Pages

21 Ocak 2013 Pazartesi

KAĞITTAN GEMİLER


                             Hiç kağıttan gemi yaptınız mı? Çocukken öğrenilen, basit ama güzel bir eğlencedir kağıttan gemi yapmak. İlk öğrendiğinizde yaparsınız ve çok yüzeceği düşüncesi ile bir su birikintisine bırakırsınız. Sonra havuz ya da gölet, orada yüzdürmek istersiniz. Bu düşüncelerle kağıttan gemi yapıp suya bırakırsınız. İlk denemede öğrendiğiniz bir şey olur : o gemi çok yüzmez, ömrü çok uzun değildir. Her ne olursa olsun, batacağını bile bile bir daha yapıp başka yerlerde suya bırakırsınız.
                Her  yapılan kağıttan gemi mutlaka batar. Bu batan gemiler hiçbir çocuğu üzmez. “Olsun nasıl olsa bir tane daha yaparım ki! ” der ve bir daha, bir daha yapar.Hiç battıklarına üzülmeden başka başka yerlerde kağıttan gemi yapıp su birikintisine bırakırlar. En güzeli de yağmur  yağdıktan sonra kaldırımların kenarlarından akan yağmur suyuna bırakılınca olur. Çünkü en güzel orada gider, en hızlı orada yol alır.
                Yaşımız büyüdükten sonra kağıttan gemiler yaparız yine ; ama yapılan madde kağıttan değil hayalden, bırakılan yer su değil hayatın akışı olur… Her gemi, ulaşması gereken bir liman için yapılır ve hayatın akışına bırakılır. Çocukken yüzdürdüğünüz  geminin arkasından,geminin  batacağı  zamana kadar izlersiniz.Batarken bile sevinirsiniz, bir tebessümle bakarsınız arkasından. Büyüdüğünüzde öyle olmuyor işte bu durumlar. O gemi o limana ulaşsın istiyorsunuz, içine hayallerinizi koyuyorsunuz ; ama o gemi batıyor… Batarken onu izleyemiyorsunuz, zihniniz allak bullak oluyor.

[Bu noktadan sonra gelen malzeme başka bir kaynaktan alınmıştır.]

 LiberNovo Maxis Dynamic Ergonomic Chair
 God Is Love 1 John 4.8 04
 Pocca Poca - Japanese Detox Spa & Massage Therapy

                Kağıttan yapılan gemiler artık çoğaldı. Artık sadece bir limana değil, bir sürü limana ulaşması için kağıttan gemiler yapıp hayatın akışında ilerlemesini izliyoruz. Birçoğu yol alamadan suya değdiği anda batıyor. Bir sonraki gemi daha umutsuz, daha dayanıksız yapılıyor. Her batan gemi; üzüntü, keder, acı bırakıyor geride. Toparlayamıyorsunuz hayatınızı, kendinize  gelemiyorsunuz.
                Hayat bana gülsün, güzel bir işim olsun, güzel hayatım olsun, güzel evim olsun, arabam olsun… Bunlar uzayıp gidiyor, her birisi için gemi yapıyorsunuz ,sonra zamanla batmaya başlıyor  hepsi  teker  teker… Sonra hayallerinize “olsun belki diğerleri ulaşır” diye devam ediyorsunuz. Hep bir umut gemisi ile yola çıkıyorsunuz. Hep bir “olur mu acaba, ulaşır mı acaba” düşüncesi ile bırakmaya başlıyorsunuz  gemileri.

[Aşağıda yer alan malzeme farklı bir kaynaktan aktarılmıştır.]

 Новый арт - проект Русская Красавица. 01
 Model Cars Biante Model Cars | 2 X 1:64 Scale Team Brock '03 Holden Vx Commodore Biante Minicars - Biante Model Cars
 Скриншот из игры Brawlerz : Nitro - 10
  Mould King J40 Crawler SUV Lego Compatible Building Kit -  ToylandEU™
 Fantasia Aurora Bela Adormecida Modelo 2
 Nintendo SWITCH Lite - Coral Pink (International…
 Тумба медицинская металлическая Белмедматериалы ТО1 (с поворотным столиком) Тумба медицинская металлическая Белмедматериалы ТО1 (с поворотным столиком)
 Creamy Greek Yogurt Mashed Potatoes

                Her  gemi  yerine ulaşamayabilir. Her zaman her istediğimiz olacak diye bir şey yok zaten. Bir sonraki  gemi yerine ulaşırsa, belki daha mutlu olabiliriz. İlk yaptığımız ama ulaşmayan gemi, hayatımızda demek ki hayırlısı değilmiş demektir. Böyle bakmak lazım olaylara.

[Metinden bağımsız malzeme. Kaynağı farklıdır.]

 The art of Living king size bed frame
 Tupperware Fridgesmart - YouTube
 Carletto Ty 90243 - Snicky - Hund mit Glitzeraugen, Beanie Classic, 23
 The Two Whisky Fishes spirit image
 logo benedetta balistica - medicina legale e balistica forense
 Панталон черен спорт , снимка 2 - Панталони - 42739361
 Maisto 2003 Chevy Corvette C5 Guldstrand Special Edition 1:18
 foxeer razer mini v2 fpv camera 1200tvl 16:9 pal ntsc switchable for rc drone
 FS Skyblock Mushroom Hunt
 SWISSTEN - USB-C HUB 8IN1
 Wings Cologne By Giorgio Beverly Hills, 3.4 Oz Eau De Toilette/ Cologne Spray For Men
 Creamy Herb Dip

                Batmayan gemiler ile hayata devam etmek, sıkı tutunmak lazım. Bazen bir gemi yaparsınız. Yağmurlu bir havada akan suya bırakırsınız. O gemi  yağmur altında içine su alarak, daha da çabuk tahrip olduğu halde yoluna devam eder ama batmaz, batmamak için direnir.  Hayatta yaptığınız gemilerin batmaması, direnek yol alması dileği ile herkese iyi günler.